Table Question Answering (TQA) aims to answer natural language questions about tabular data, often accompanied by additional contexts such as text passages. The task spans diverse settings, varying in table representation, question/answer complexity, modality involved, and domain. While recent advances in large language models (LLMs) have led to substantial progress in TQA, the field still lacks a systematic organization and understanding of task formulations, core challenges, and methodological trends, particularly in light of emerging research directions such as reinforcement learning. This survey addresses this gap by providing a comprehensive and structured overview of TQA research with a focus on LLM-based methods. We provide a comprehensive categorization of existing benchmarks and task setups. We group current modeling strategies according to the challenges they target, and analyze their strengths and limitations. Furthermore, we highlight underexplored but timely topics that have not been systematically covered in prior research. By unifying disparate research threads and identifying open problems, our survey offers a consolidated foundation for the TQA community, enabling a deeper understanding of the state of the art and guiding future developments in this rapidly evolving area.

Paper Structure

This paper contains 45 sections, 5 figures, 2 tables.

Figures (5)

  • Figure 1: Different table question answering task setups. Domain: Either the inputs need to be retrieved from a data pool or directly given.

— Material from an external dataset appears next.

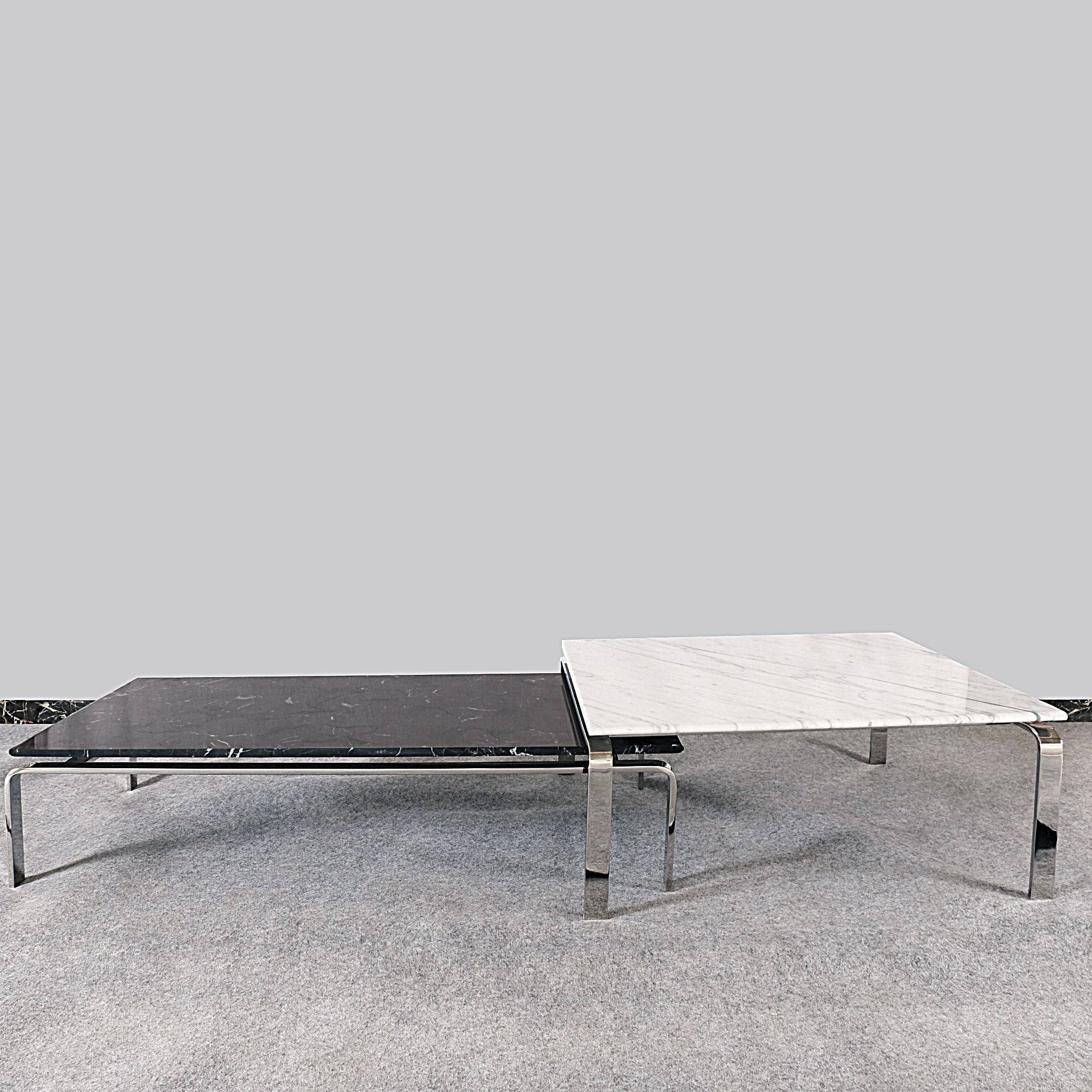 Slim Set Of 2 Natural Marble Table 274Ct+274St -  Side Tables - ebarza Furniture UAE | Shop Modern Furniture in Abu Dhabi & Dubai - مفروشات ايبازرا في الامارات | تسوق اثاث عصري وديكورات مميزة في دبي وابوظبي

Table Format: Tables can exist or be presented in various formats. Additional Context: Charts, images, and knowledge graphs can also be involved as inputs. Question Complexity: A question can involve retrieving certain cells from a table or require reasoning and analysis to be solved. Answer Format: Answers can be in short text spans, consisting only of numbers and entities, or in free-form natural language, with no limitation on types and length.
  • Figure 2: A taxonomy of TQA task setups. We list representative papers for each setup.
  • Figure 3: A taxonomy of methods categorized by challenges. We list representative papers for each challenge.
  • Figure 4: Statistics of the collected paper. We show the number of collected paper by year as well as the distribution of different types of paper.
  • Figure 5: Performance of (M)LLMs in textual and image-based table understanding. FT-Model denotes fine-tuned models, specifically TableLlaVA-7B zheng-etal-2024-multimodal and TableLlaMA-7B zhang-etal-2024-tablellama. OCR refers to configurations in which image tables are first converted to text via optical character recognition (OCR) and then processed using TableLlaMA-7B.